* **EXERCISE GOAL**:
Pictures in the data should be dropped; transcribe exactly the lines from the one that has "Prismatic Evolutions Booster Pack" through the one that has "Star Wars 綿100％半袖Tシャツ（背面プリント）".

* **DATA TO PROCESS**:
━━━

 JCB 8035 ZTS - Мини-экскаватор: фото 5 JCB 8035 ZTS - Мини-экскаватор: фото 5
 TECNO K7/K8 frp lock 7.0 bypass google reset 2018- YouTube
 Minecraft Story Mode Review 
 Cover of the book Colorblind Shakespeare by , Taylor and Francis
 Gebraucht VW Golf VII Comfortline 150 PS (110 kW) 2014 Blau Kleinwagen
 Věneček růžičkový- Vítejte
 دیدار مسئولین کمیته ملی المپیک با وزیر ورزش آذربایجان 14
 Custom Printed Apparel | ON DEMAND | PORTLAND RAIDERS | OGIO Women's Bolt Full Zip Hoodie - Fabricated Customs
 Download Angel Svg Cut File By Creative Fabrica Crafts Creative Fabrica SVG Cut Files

━━━

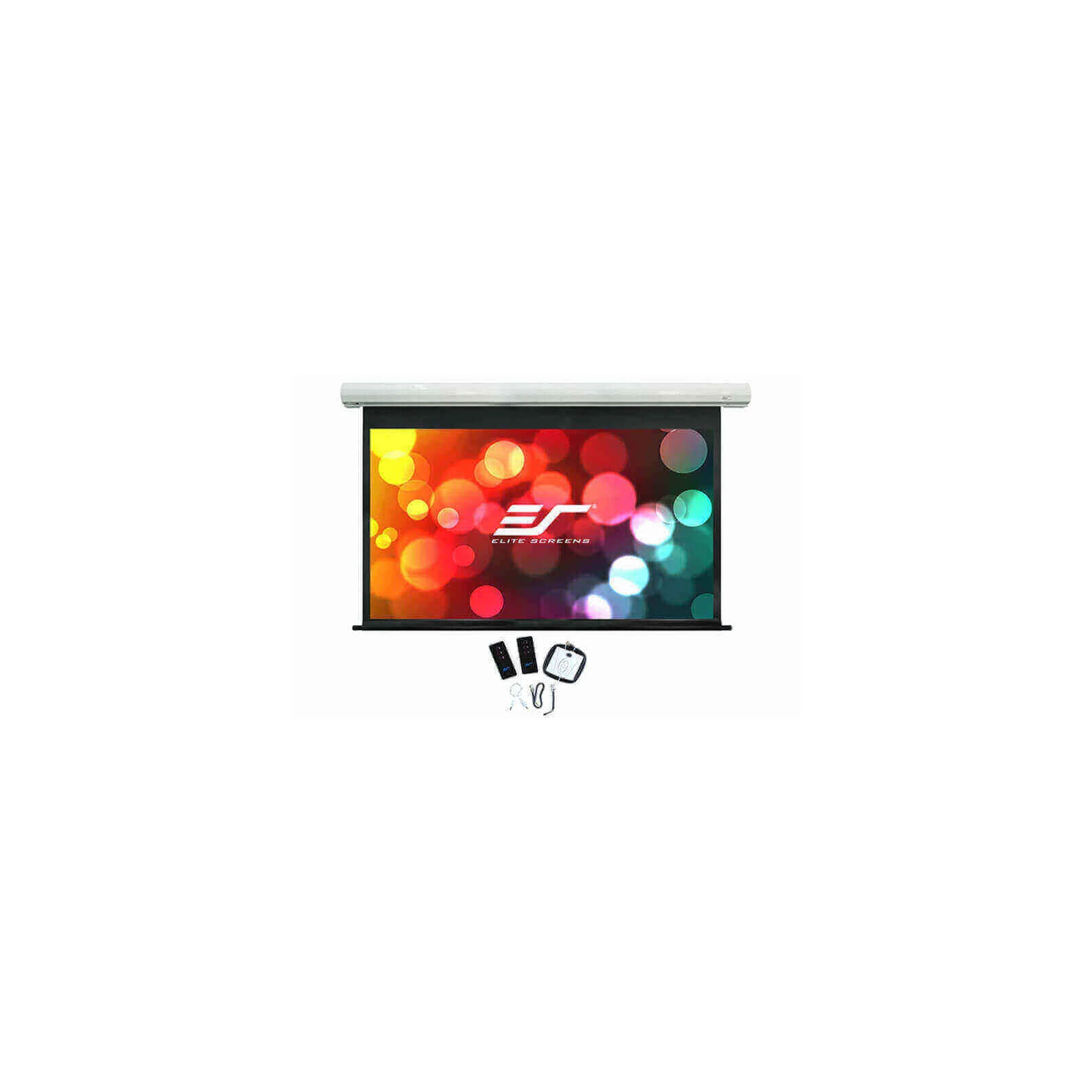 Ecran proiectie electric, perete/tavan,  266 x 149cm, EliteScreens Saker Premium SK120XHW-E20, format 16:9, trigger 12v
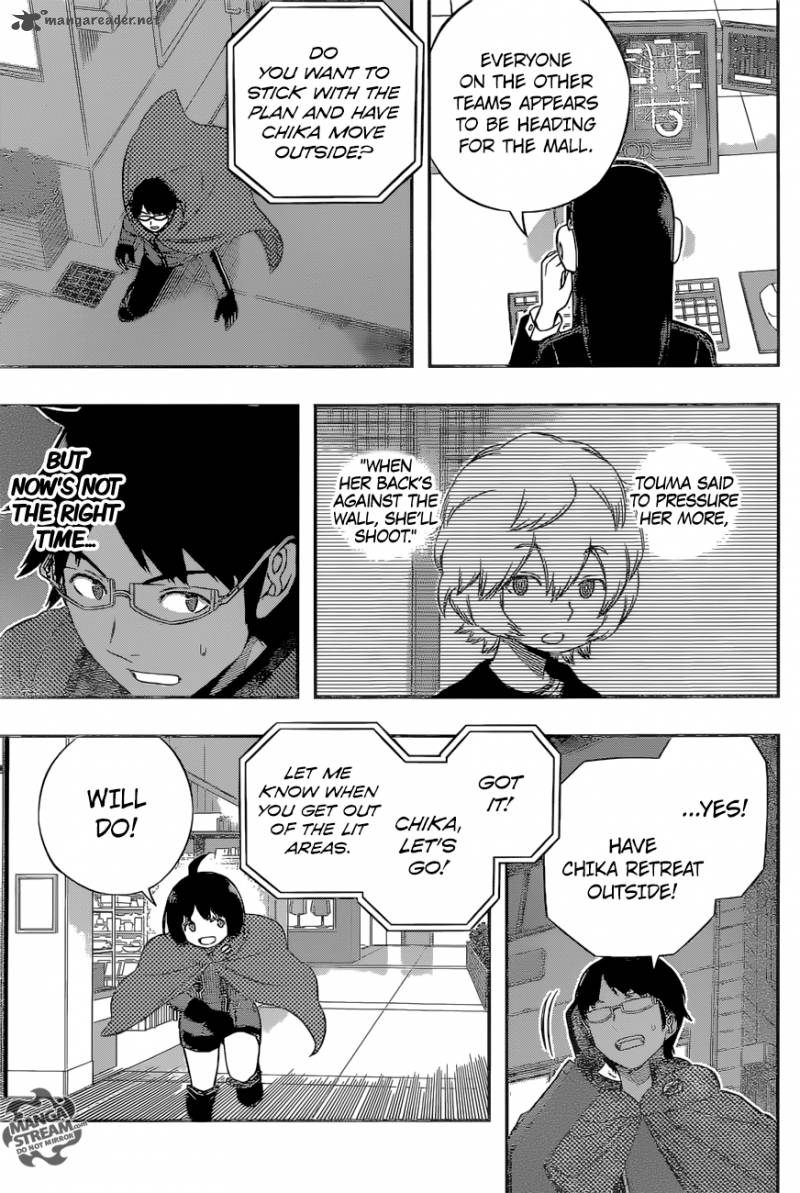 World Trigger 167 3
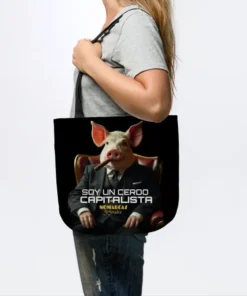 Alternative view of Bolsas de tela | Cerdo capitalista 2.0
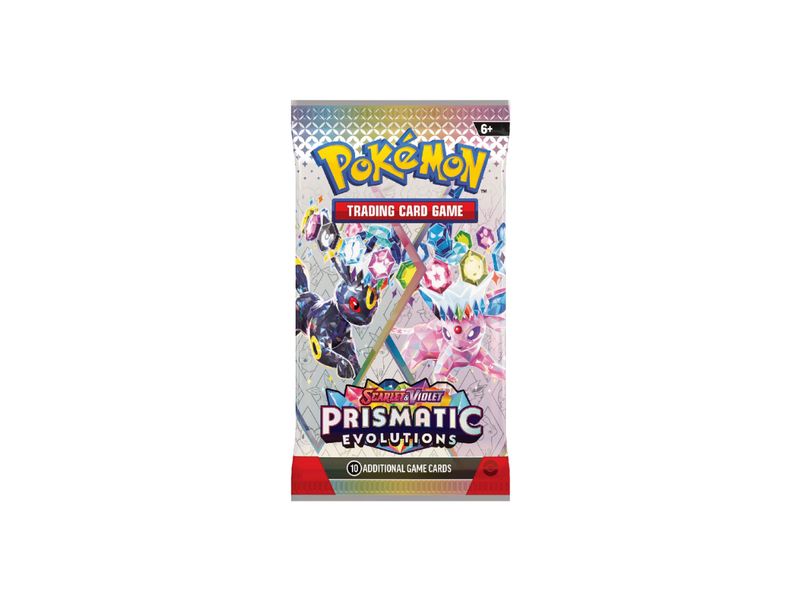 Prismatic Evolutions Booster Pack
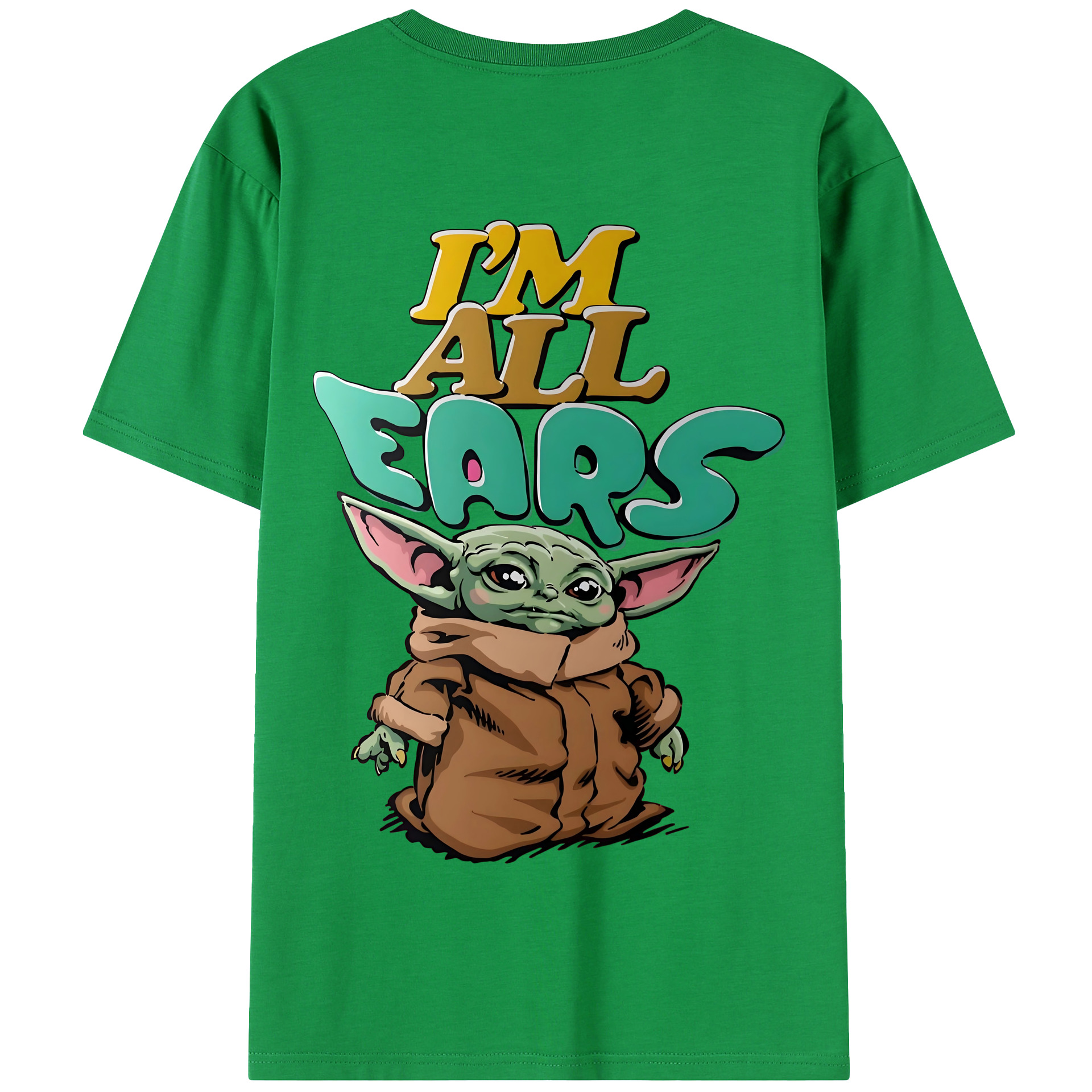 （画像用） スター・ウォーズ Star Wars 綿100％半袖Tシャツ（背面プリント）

━━━

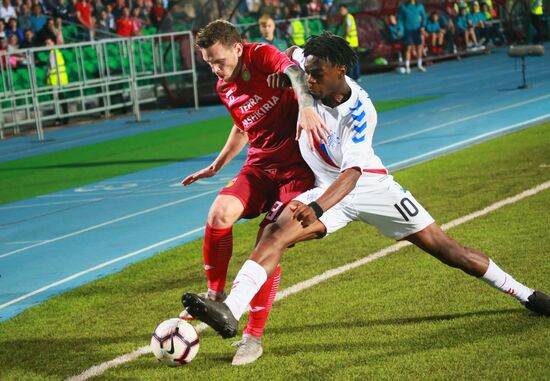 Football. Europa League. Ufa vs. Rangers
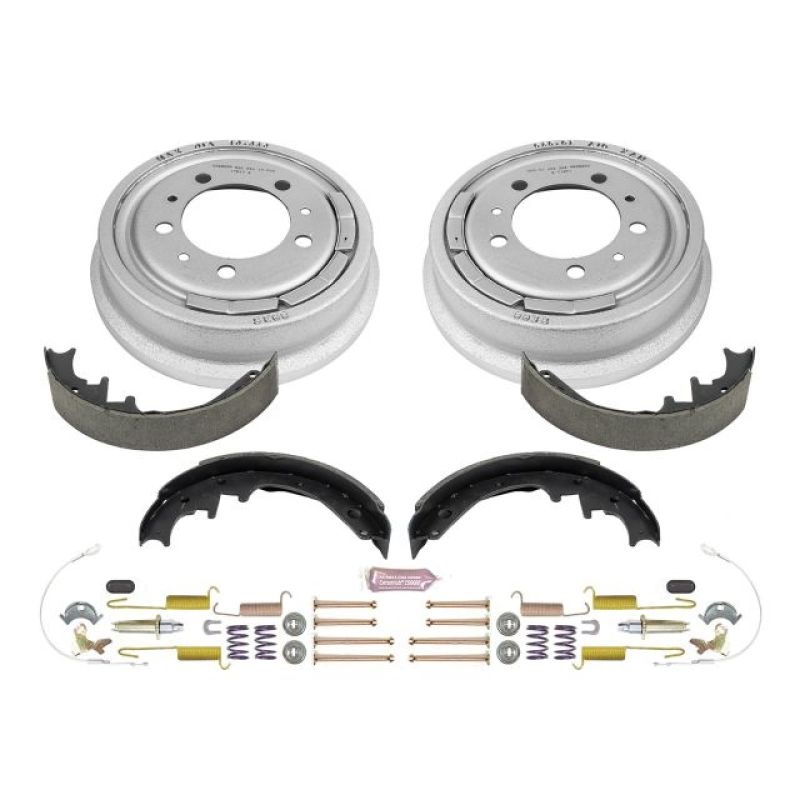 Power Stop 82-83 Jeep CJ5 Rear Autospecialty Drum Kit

━━━

* **ANSWER BELOW**:
 Prismatic Evolutions Booster Pack
 （画像用） スター・ウォーズ Star Wars 綿100％半袖Tシャツ（背面プリント）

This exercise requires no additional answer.